# [EXERCISE GOAL]
Retype nothing except the lines below from the one with "Dark Matter - Crew" through the one with "Harcourts Hatea Loop Challenge with", exactly, with images left out.

# [SUPPLIED MATERIAL]
···

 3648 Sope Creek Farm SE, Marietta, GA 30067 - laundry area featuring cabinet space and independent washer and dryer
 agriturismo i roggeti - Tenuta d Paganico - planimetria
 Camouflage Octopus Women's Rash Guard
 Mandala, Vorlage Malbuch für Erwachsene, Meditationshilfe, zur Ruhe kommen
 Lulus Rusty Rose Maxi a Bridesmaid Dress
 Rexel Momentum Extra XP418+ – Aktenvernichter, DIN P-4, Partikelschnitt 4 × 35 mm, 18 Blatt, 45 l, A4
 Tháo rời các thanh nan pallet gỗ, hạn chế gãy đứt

···

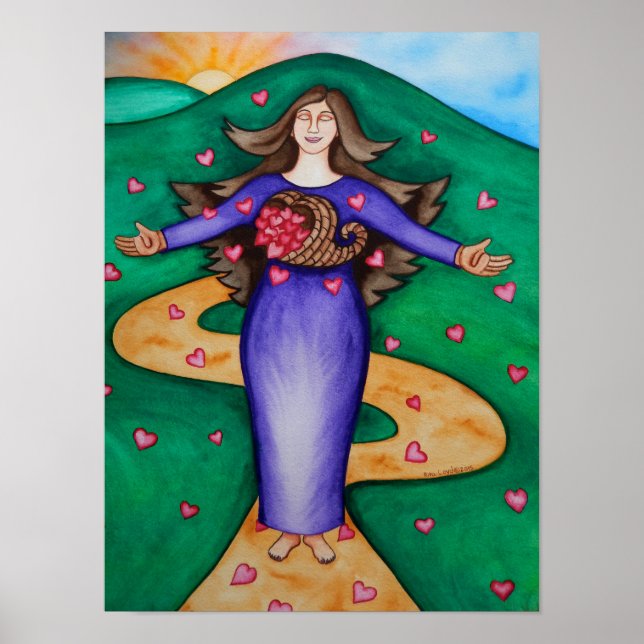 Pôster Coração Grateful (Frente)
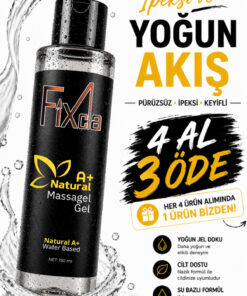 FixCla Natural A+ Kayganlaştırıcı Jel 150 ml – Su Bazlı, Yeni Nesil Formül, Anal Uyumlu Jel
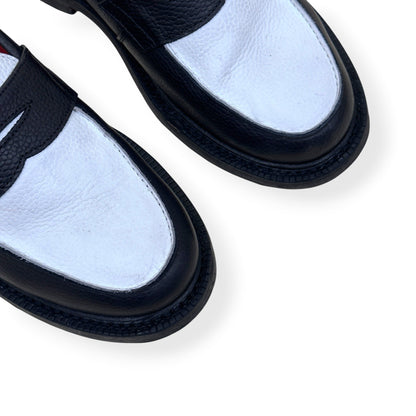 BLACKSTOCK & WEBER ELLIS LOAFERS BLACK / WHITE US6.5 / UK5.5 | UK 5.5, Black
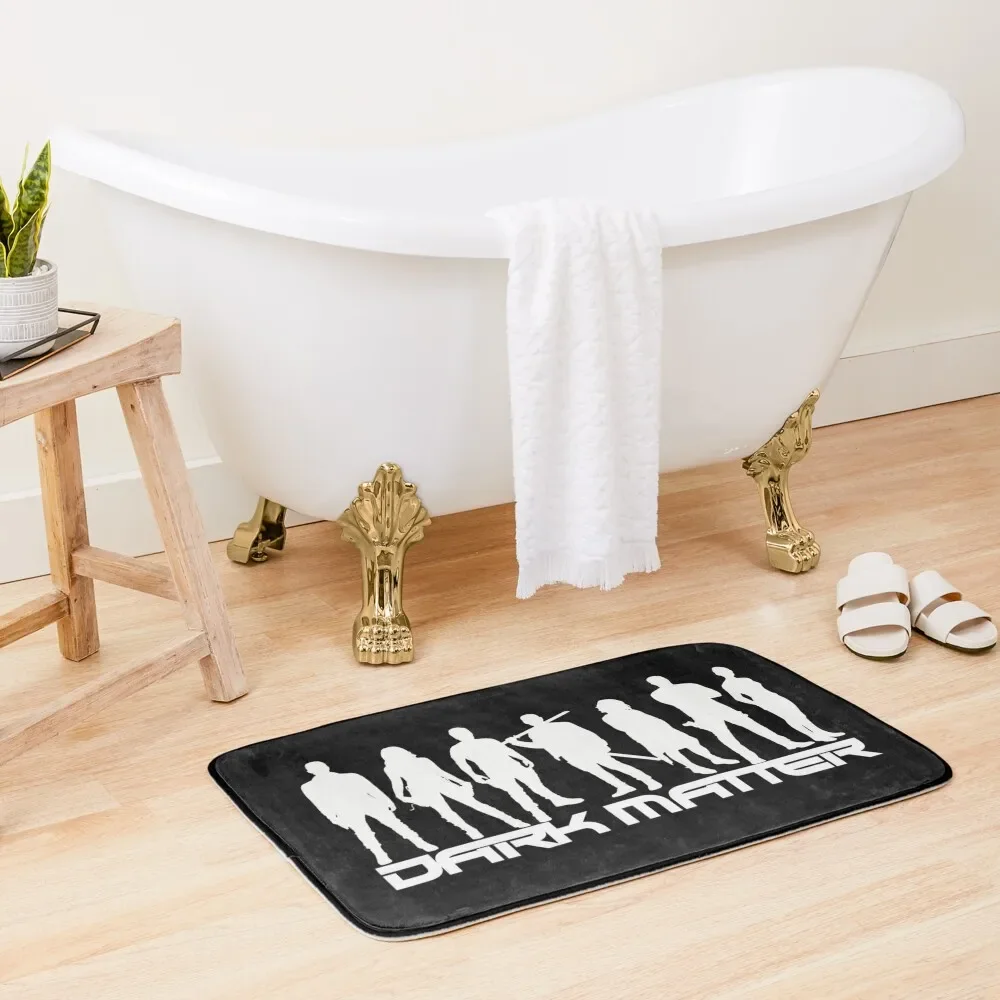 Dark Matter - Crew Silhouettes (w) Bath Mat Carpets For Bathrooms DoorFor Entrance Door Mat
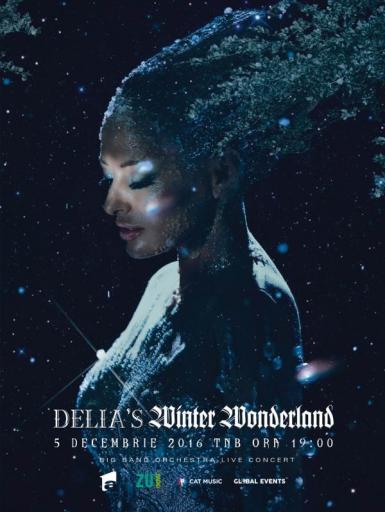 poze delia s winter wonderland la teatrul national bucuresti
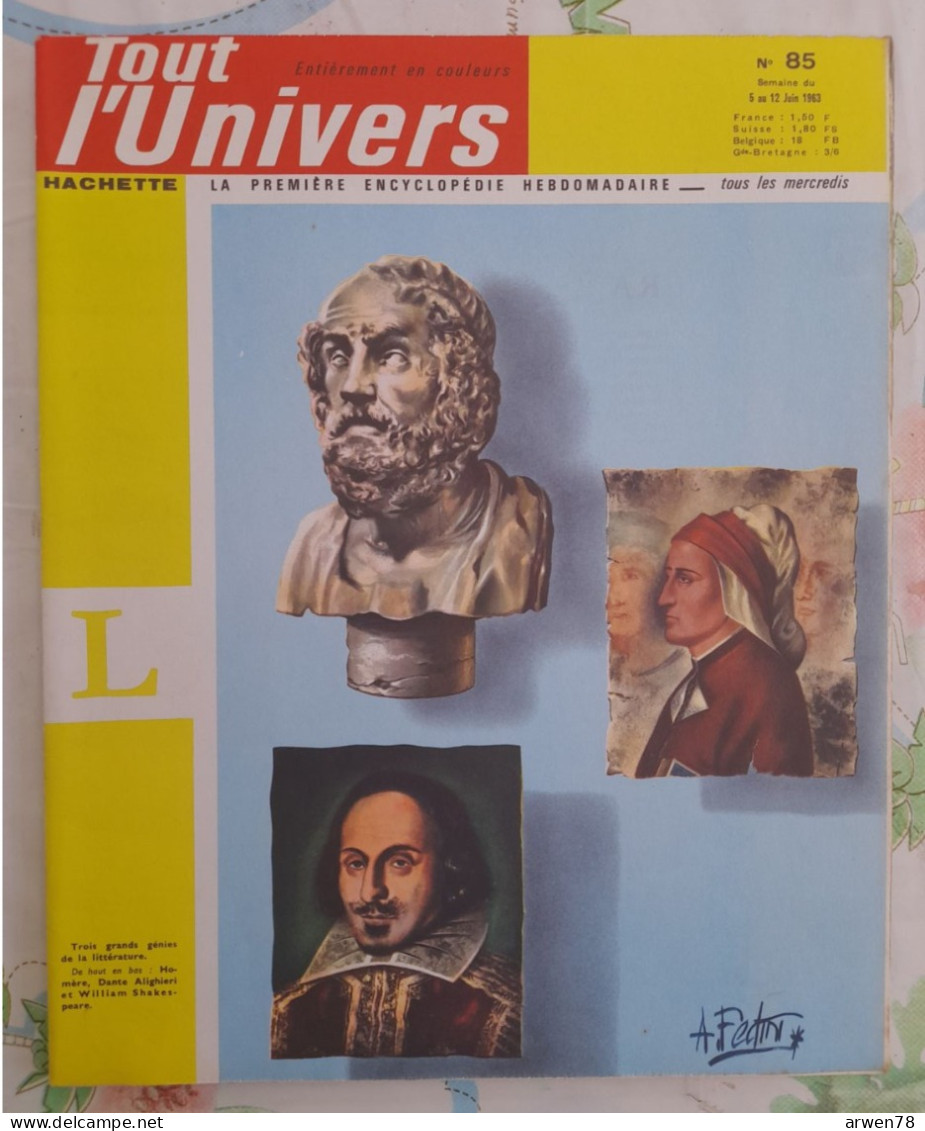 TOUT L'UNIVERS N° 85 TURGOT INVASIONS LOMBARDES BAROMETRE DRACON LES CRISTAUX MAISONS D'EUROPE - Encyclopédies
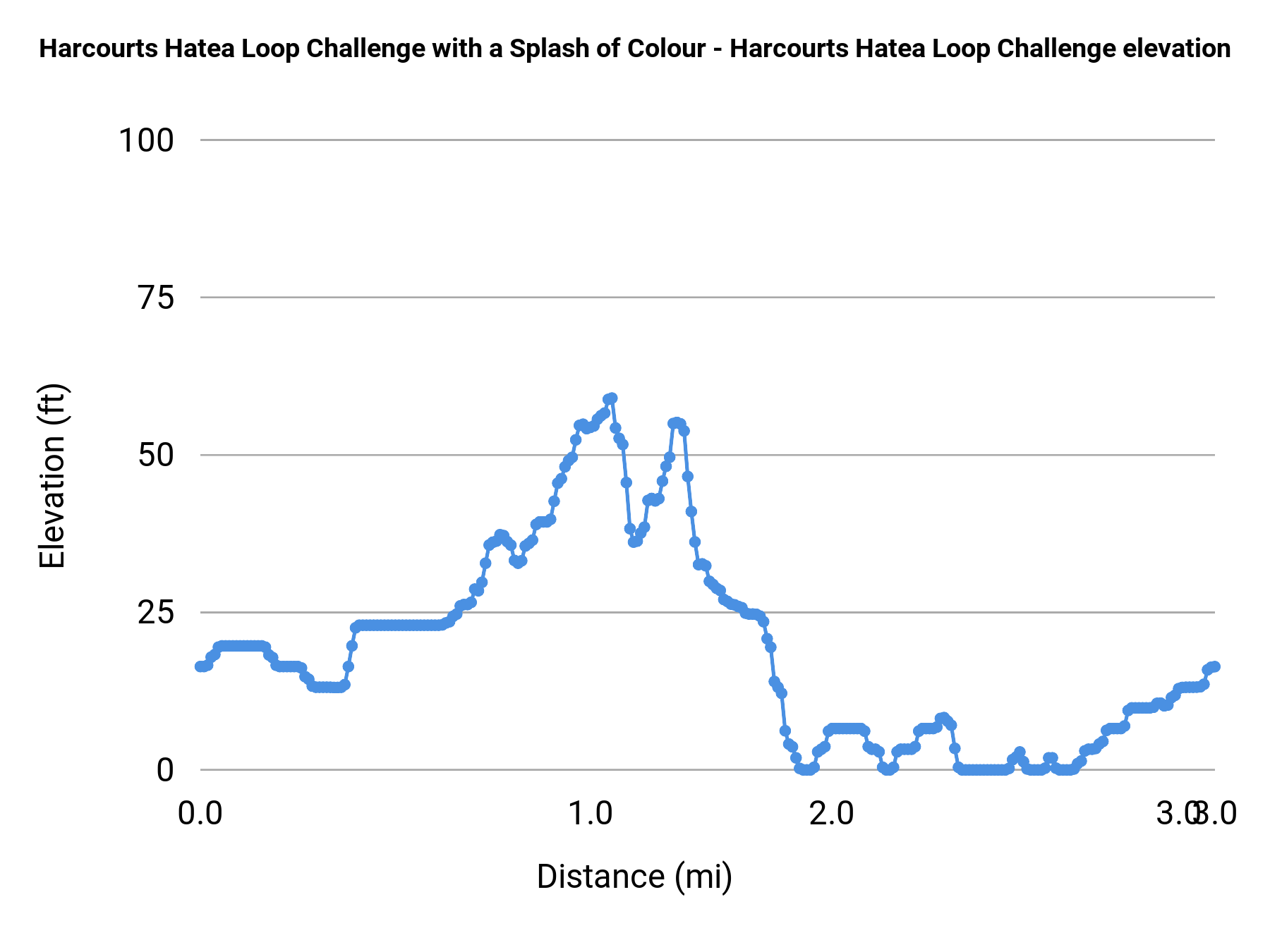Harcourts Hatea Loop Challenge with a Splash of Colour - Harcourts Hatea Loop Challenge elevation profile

···

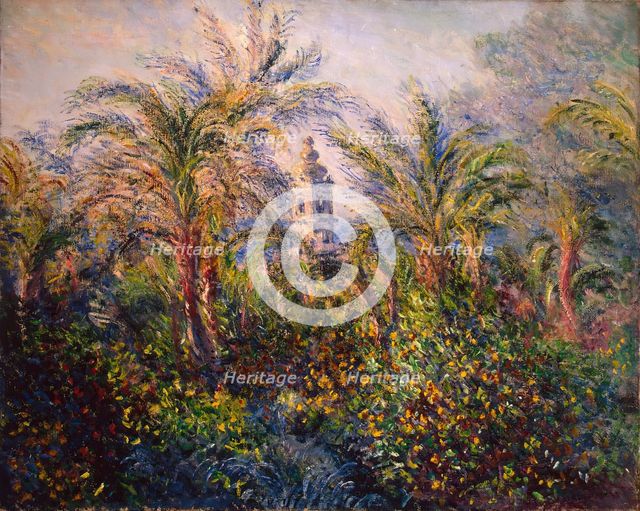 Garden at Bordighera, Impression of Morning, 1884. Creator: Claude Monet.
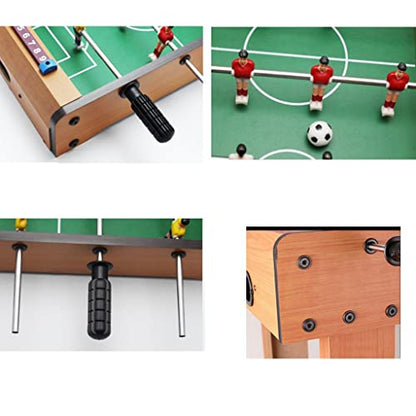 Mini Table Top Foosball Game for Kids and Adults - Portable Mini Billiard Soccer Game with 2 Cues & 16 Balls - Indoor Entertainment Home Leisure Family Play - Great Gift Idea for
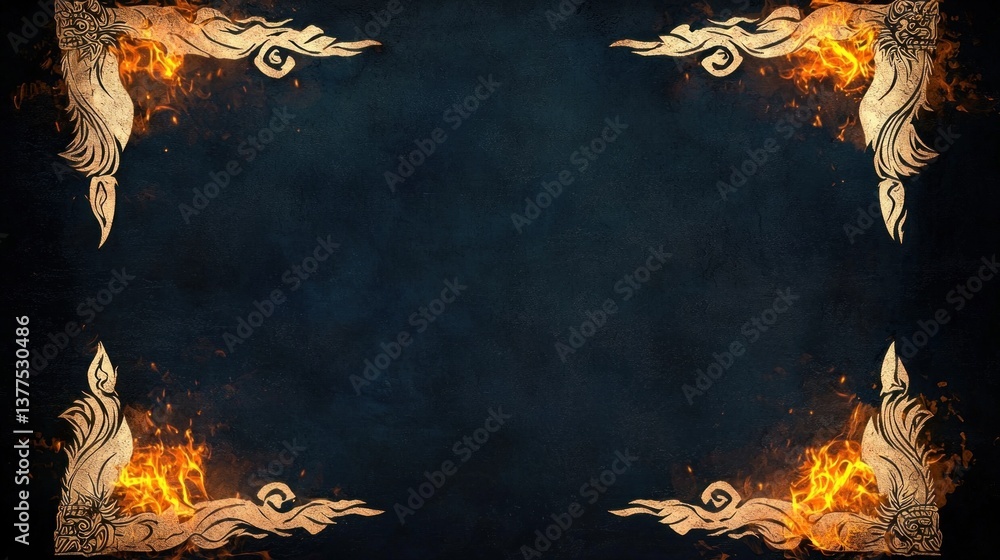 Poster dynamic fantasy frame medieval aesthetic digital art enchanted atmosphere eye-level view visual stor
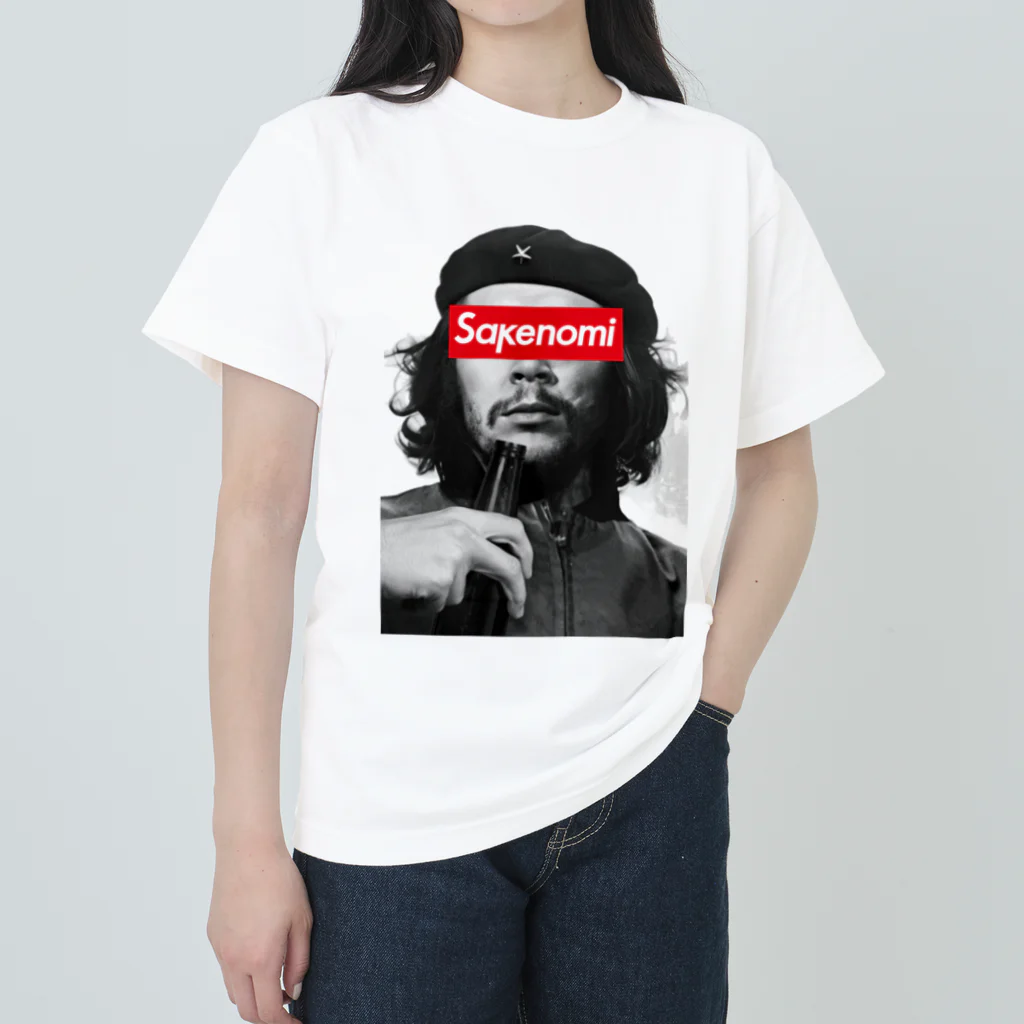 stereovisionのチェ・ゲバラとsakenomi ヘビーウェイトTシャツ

···

# [RESULT OF THE TASK]
 Dark Matter - Crew Silhouettes (w) Bath Mat Carpets For Bathrooms DoorFor Entrance Door Mat
 poze delia s winter wonderland la teatrul national bucuresti
 TOUT L'UNIVERS N° 85 TURGOT INVASIONS LOMBARDES BAROMETRE DRACON LES CRISTAUX MAISONS D'EUROPE - Encyclopédies
Harcourts Hatea Loop Challenge with a Splash of Colour - Harcourts Hatea Loop Challenge elevation profile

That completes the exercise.